「こんなおじさんが急に口出しして悪いね、近くにいたから君たちの話が聞こえてしまったんだ。それ以上の言い争いは、ステージの朗読で決着をつけた方がいいんじゃないか? 君も彼女も出場者なんだろう?」

 おじさんは私とお兄さんと順番に目を合わせながら、そう言った。お兄さんはバツが悪そうにチッと舌打ちをしていた。
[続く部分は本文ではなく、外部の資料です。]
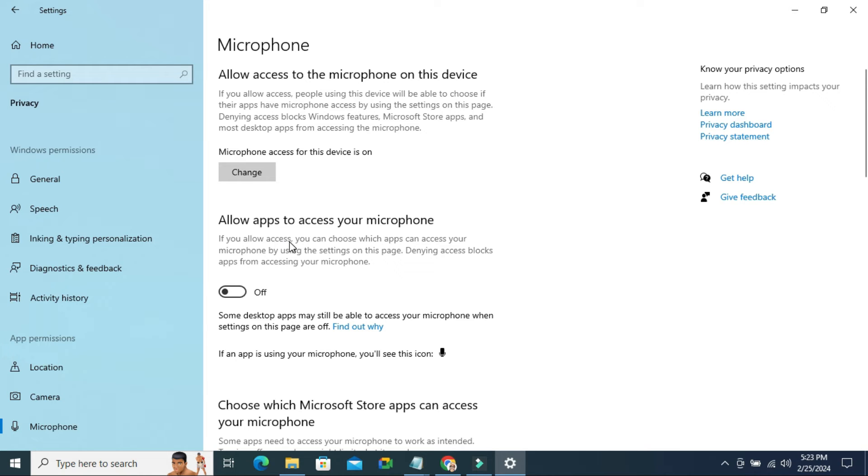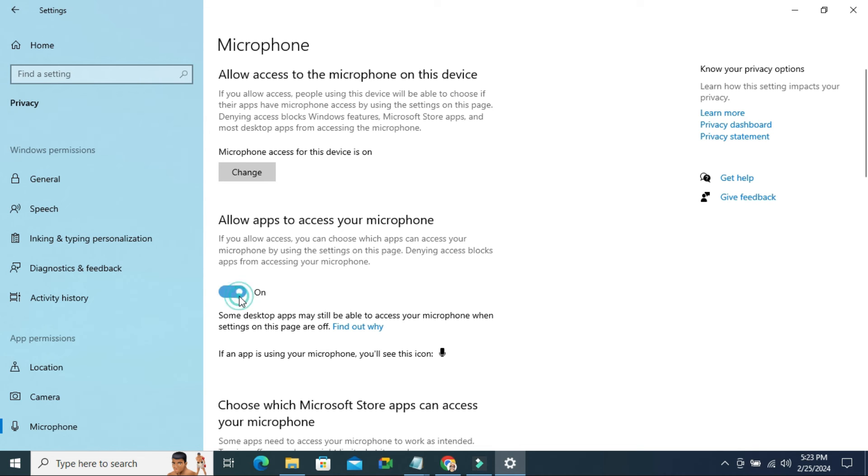If you allow access, you can choose which apps can access your microphone. Now it's turned off. Just click here to turn it on. Now allow apps to access your microphone is turned on.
「どこの誰かも分からないじいさんの言うことをきくわけじゃないが、確かにそうだな。総合優勝は僕が貰う! キミは早く声優なんて諦めて、恥を晒す前にコンテストも棄権するんだな!」

 だから、声優なんて目指してないってば。

 捨て台詞を吐くと、剛里兄妹は去っていった。妹の方は最後に私に口パクで『バーカ』って言ってたように見えたけど。

「文香、大丈夫か?」

 蒼太くんが心配してくれたけど、さっきから震えが止まらない。目の奥も熱い。いろいろあり過ぎて、泣きそうになっていた。

 うつむくだけで、蒼太くんの心配に応える事は出来ない。「大丈夫」って一言すら口から出せなかった。

 やっぱり……やっぱりこんな所に私なんかが来ちゃいけなかったんだ。剛里さんのお兄さんの言った通り、まぐれで予選通っちゃったから、のこのこ来てしまったけど。自信なんて全然無いし場違い。

 せっかく蒼太くんに協力してもらってここまで来たけど、辞退して帰った方がいいのかもしれない……

「貴方は、声優になりたいの?」

 不意に、さっき助けてくれたおじさんが私にそう言った。私は顔も上げずに頭を振った。声優云々は、剛里さんのお兄さんが勝手に言っていたこと。私はそんなの考えた事すらなかった。

「そうですか……でも、そうだなあ、貴方は声優よりナレーションや朗読をやったほうがいいと僕は思いますよ」

「え……?」

 意外な言葉に驚いて顔を揚げると、おじさんは優しい表情でこちらを見ていた。